- Born: Suzanne Georgette Anna Déchevaux-Dumesnil 7 January 1900 Argenteuil, France
- Died: 17 July 1989 (aged 89) Paris, France
- Burial place: Montparnasse Cemetery, Paris
- Known for: lover and later wife of Samuel Beckett
- Spouse: Samuel Beckett ​(m. 1961)​

= Suzanne Dechevaux-Dumesnil =

Lover, then wife of Samuel Beckett (1900–1989)

Suzanne Georgette Anna Déchevaux-Dumesnil (7 January 1900 – 17 July 1989) was a French pianist who was the wife of writer Samuel Beckett.

== Relationship with Beckett ==
In the 1930s, Beckett chose Déchevaux-Dumesnil as his lover over the heiress Peggy Guggenheim. Six years older than Beckett, Déchevaux-Dumesnil was an austere woman known for avant-garde tastes and left-wing politics. She was a pianist.

During the Second World War, Beckett joined the French Resistance. For over two years, he and Déchevaux-Dumesnil hid from the Germans in a village in the South of France.

Beckett's Waiting for Godot has been called "a metaphor for the long walk into Roussillon, when Beckett and Suzanne slept in haystacks... during the day and walked by night..."

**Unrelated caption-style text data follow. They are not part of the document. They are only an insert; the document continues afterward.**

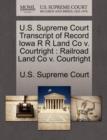 Image for U.S. Supreme Court Transcript of Record Iowa R R Land Co V. Courtright : Railroad Land Co V. Courtright
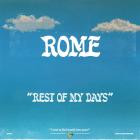 Rome - Rest Of My Days
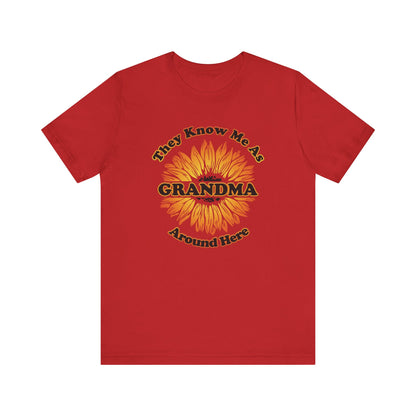 They Know Me As Grandma Around Here Sunflower - Unisex Jersey Short Sleeve Tee - OCDandApparel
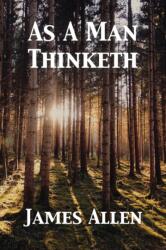 As A Man Thinketh - James Allen (ISBN: 9781680922332)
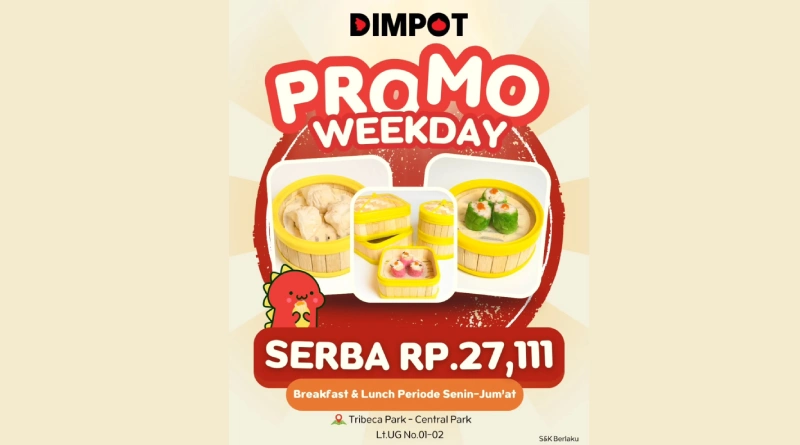 Raih Diskon Hingga 30% di DIMPOT! Nikmati All Dimsum Rp27.111 untuk Sarapan & Makan Siang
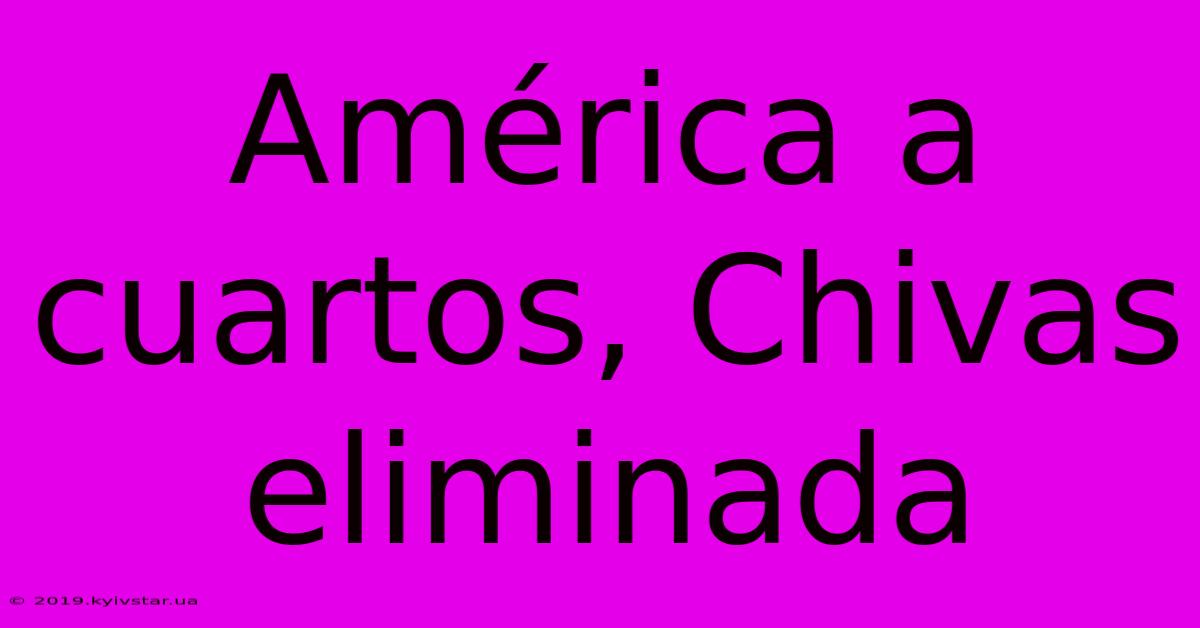 América A Cuartos, Chivas Eliminada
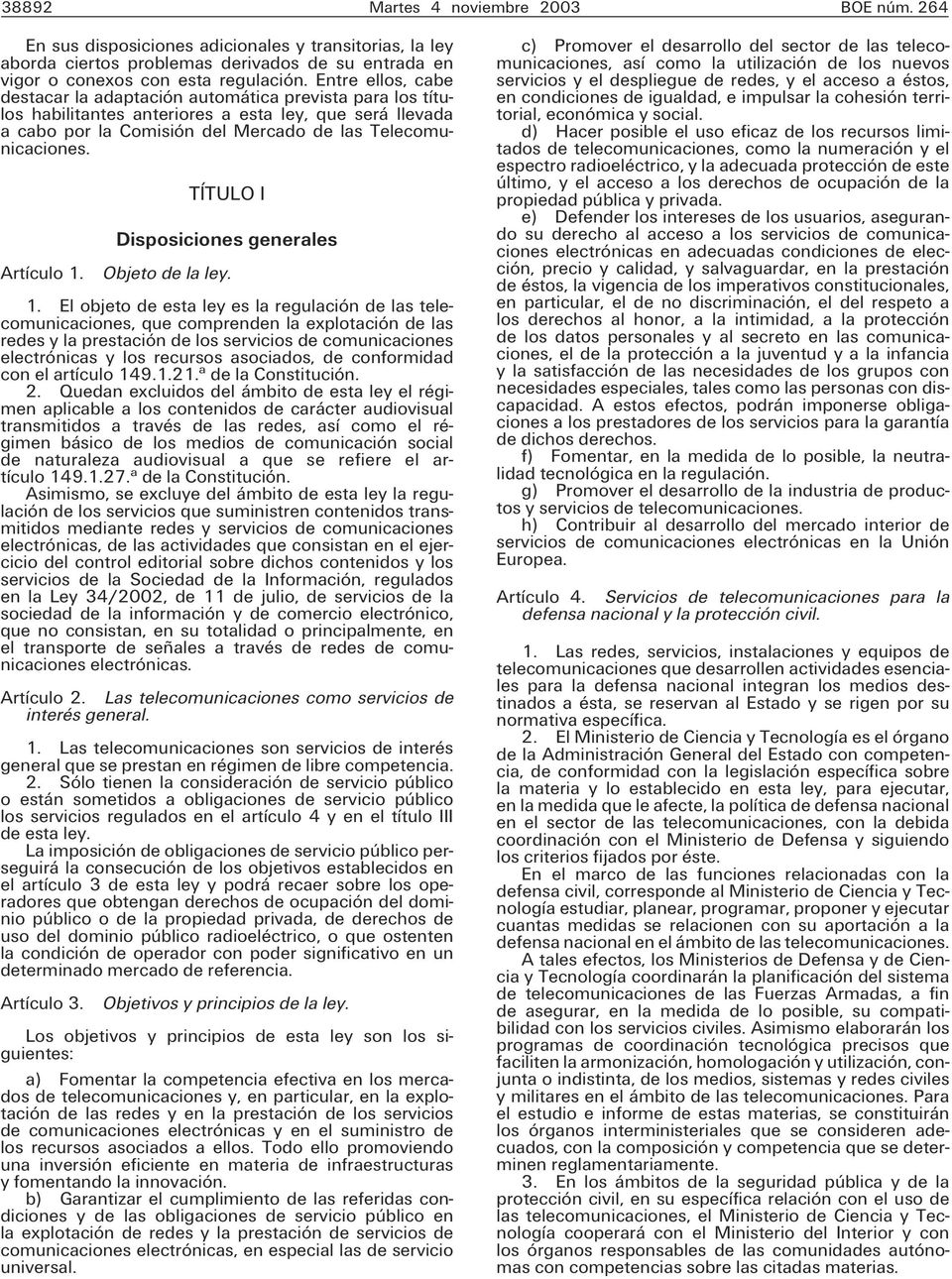 TÍTULO I Disposiciones generales Artículo 1.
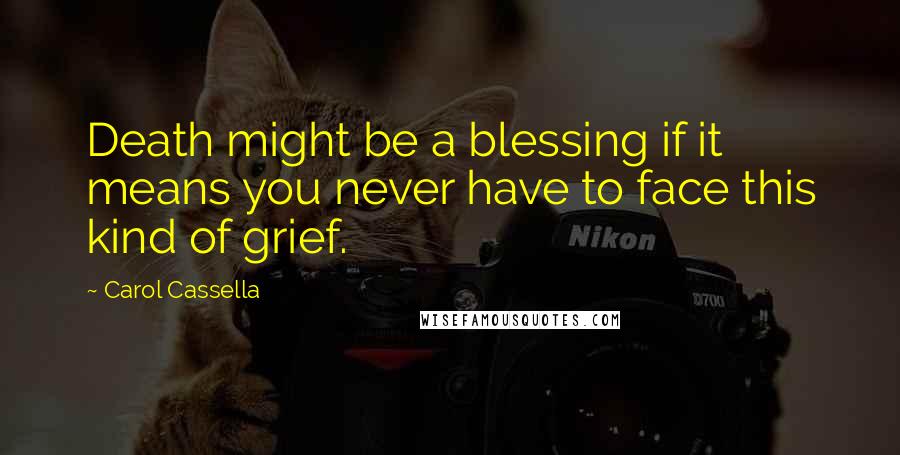 Carol Cassella Quotes: Death might be a blessing if it means you never have to face this kind of grief.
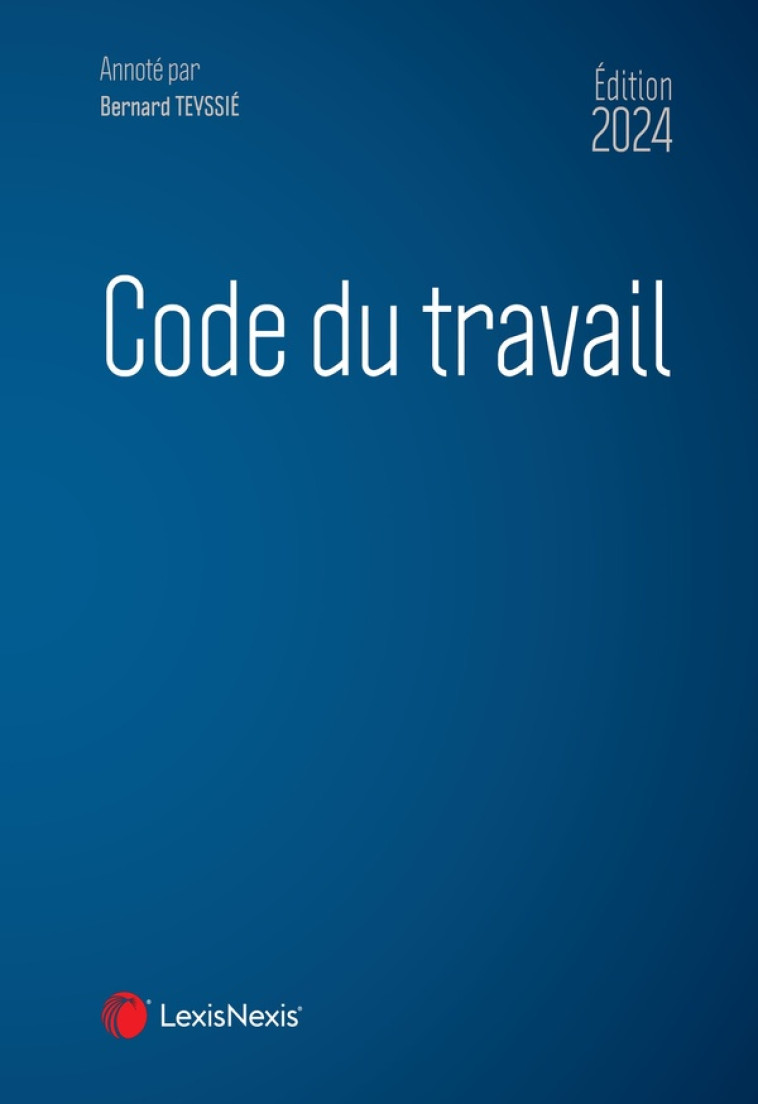 CODE DU TRAVAIL (EDITION 2024) - TEYSSIE BERNARD - Lexis Nexis/Litec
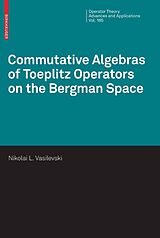 eBook (pdf) Commutative Algebras of Toeplitz Operators on the Bergman Space de Nikolai Vasilevski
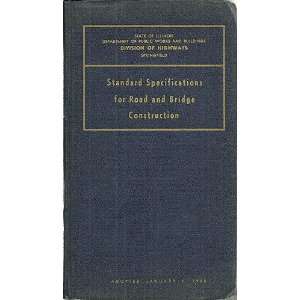   for Road and Bridge Construction, State of Illinois Books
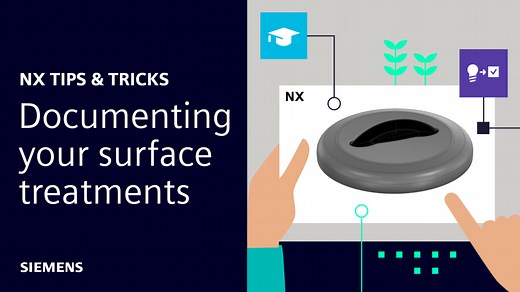 NX Tips & Tricks | Documenting your surface treatments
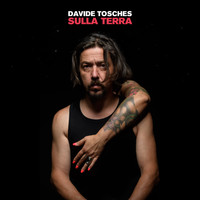 Davide Tosches - Sulla terra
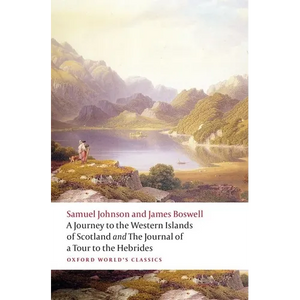 A Journey to the Western Islands of Scotland and the Journal of a Tour to the Hebrides - Paperback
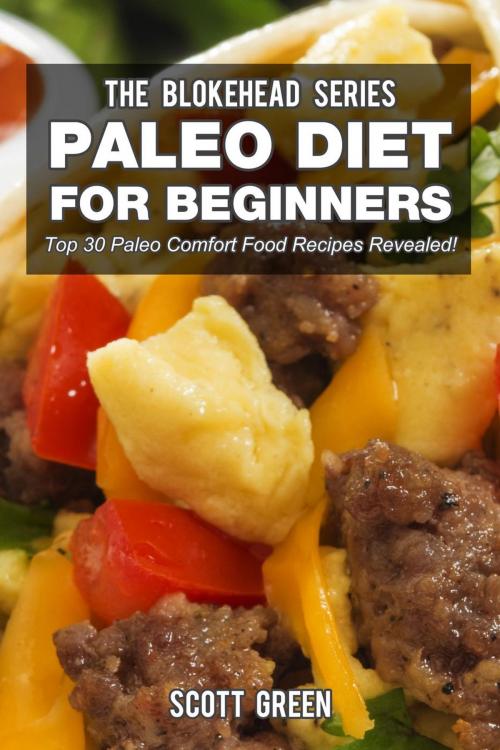 Cover of the book Paleo Diet For Beginners : Top 30 Paleo Comfort Food Recipes Revealed! by Scott Green, Yap Kee Chong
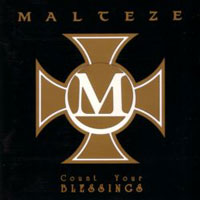 Malteze - Count Your Blessings CD, Active Records pressing from 1990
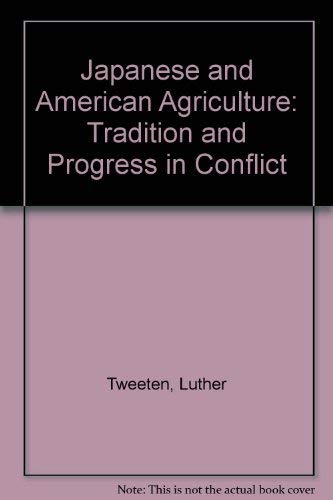 Stock image for Japanese And American Agriculture: Tradition And Progress In Conflict for sale by cornacres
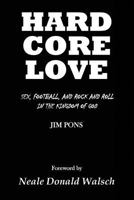 Hard Core Love: Sex, Football, and Rock and Roll in the Kingdom of God 1945390484 Book Cover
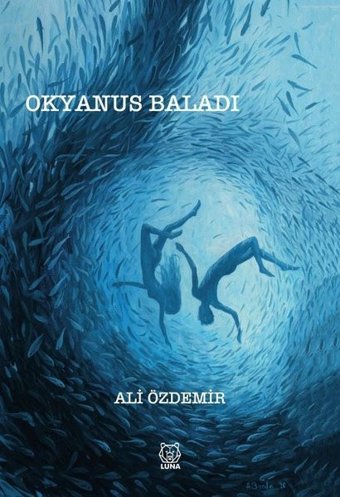 Okyanus Baladı Ali Özdemir Luna Yayınları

During the relationship between Beckett and Déchevaux-Dumesnil, which lasted more than 50 years, she maintained a private circle of friends and is credited with having influenced Beckett to produce more work.

During the late 1950s, Beckett often stayed in London, where he met Barbara Bray, a BBC script-editor, a widow in her 30s. James Knowlson writes of them: "Beckett seems to have been immediately attracted to her and she to him. Their encounter was highly significant for them both, for it represented the beginning of a relationship that was to last, in parallel with that with Suzanne, for the rest of his life." Soon, their association became "a very intimate and personal one". In a visit to Paris in January 1961, Bray told Beckett she had decided to move there. His response was unusual. In March 1961, he married Déchevaux-Dumesnil in a civil ceremony in Folkestone. On the face of it, this was to make sure that, if he died before her, Déchevaux-Dumesnil would inherit the rights to his work because there was no common-law marriage under French law. He may also have wanted to affirm his loyalty to her. In June 1961, Bray moved to Paris, and despite his recent marriage, Beckett spent much of his time with her. This side of his life was not well known, as Beckett's reserve was "allied to his fear of giving offence to Suzanne". Beckett's play Play (1963) may have been inspired by these events.

Déchevaux-Dumesnil died at age 89 in July 1989, five months before Beckett. They were interred together in the cimetière du Montparnasse in Paris.